Background
Hepatocellular carcinoma (HCC) is the most common malignant heterogeneous disease in primary liver tumors. Circular RNA hsa_circ_0000517 (hsa_circ_0000517) is connected with HCC prognosis. Nevertheless, there are few studies on the role and mechanism of hsa_circ_0000517 in HCC.
Conclusions
Hsa_circ_0000517 depletion repressed HCC advancement via regulating the miR-326/SMAD6 axis.
Methods
Expression of hsa_circ_0000517, miR-326, and SMAD family member 6 (SMAD6) was detected by quantitative real-time polymerase chain reaction (qRT-PCR). Cell viability, colony formation, cell cycle, migration, and invasion were determined though Cell Counting Kit-8 (CCK-8), colony formation, flow cytometry, wound healing, or transwell assays. Protein levels of Cyclin D1, matrix metalloproteinase-2 (MMP2), matrix metalloproteinase-9 (MMP9), SMAD6, and proliferating cell nuclear antigen (PCNA) were examined with western blot analysis. The relationship between hsa_circ_0000517 or SMAD6 and miR-326 was determined via dual-luciferase reporter and RNA immunoprecipitation (RIP) assays. The role of hsa_circ_0000517 in vivo was confirmed via xenograft assay.
Results
Hsa_circ_0000517 and SMAD6 were up-regulated while miR-326 was down-regulated in HCC tissues and cells. Hsa_circ_0000517 down-regulation repressed cell proliferation, colony formation, migration, and invasion, and induced cell cycle arrest in HCC cells in vitro, and constrained tumor growth in vivo.

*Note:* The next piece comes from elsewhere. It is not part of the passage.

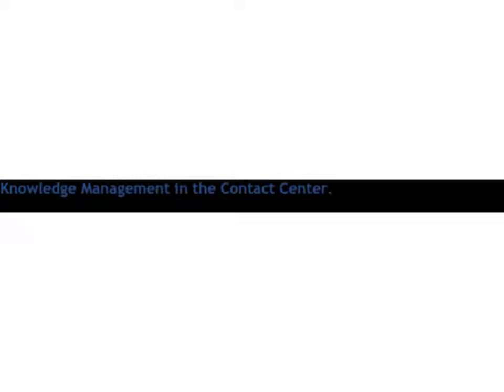Agents not only need accurate information, they need it quickly and in a format that is intuitive. An effective knowledge management system can reduce time to proficiency for new agents, lower handle times, improve first contact resolution, and drive customer satisfaction.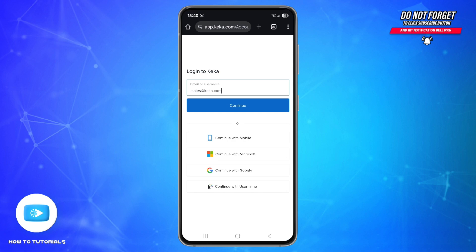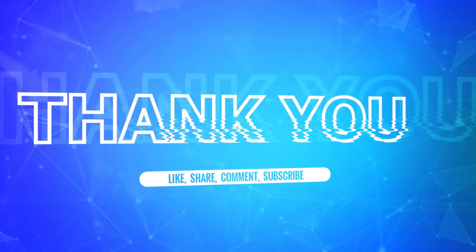And that's your complete guide to logging into Kika using any of the four supported methods. If this video helped you, please hit like, subscribe for more work hacks, and comment below if you run into login issues. We will try to guide you through it. Thank you for watching, and I will see you in the next one.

Notably, hsa_circ_0000517 regulated SMAD6 expression via acting as a competing endogenous RNA (ceRNA) for miR-326. And the repressive influence on malignant behaviors of HCC cells mediated by hsa_circ_0000517 inhibition was reversed by miR-326 inhibitors. Moreover, SMAD6 elevation overturned the inhibitory impacts of miR-326 mimics on malignant behaviors of HCC cells. Conclusions: Hsa_circ_0000517 depletion repressed HCC advancement via regulating the miR-326/SMAD6 axis.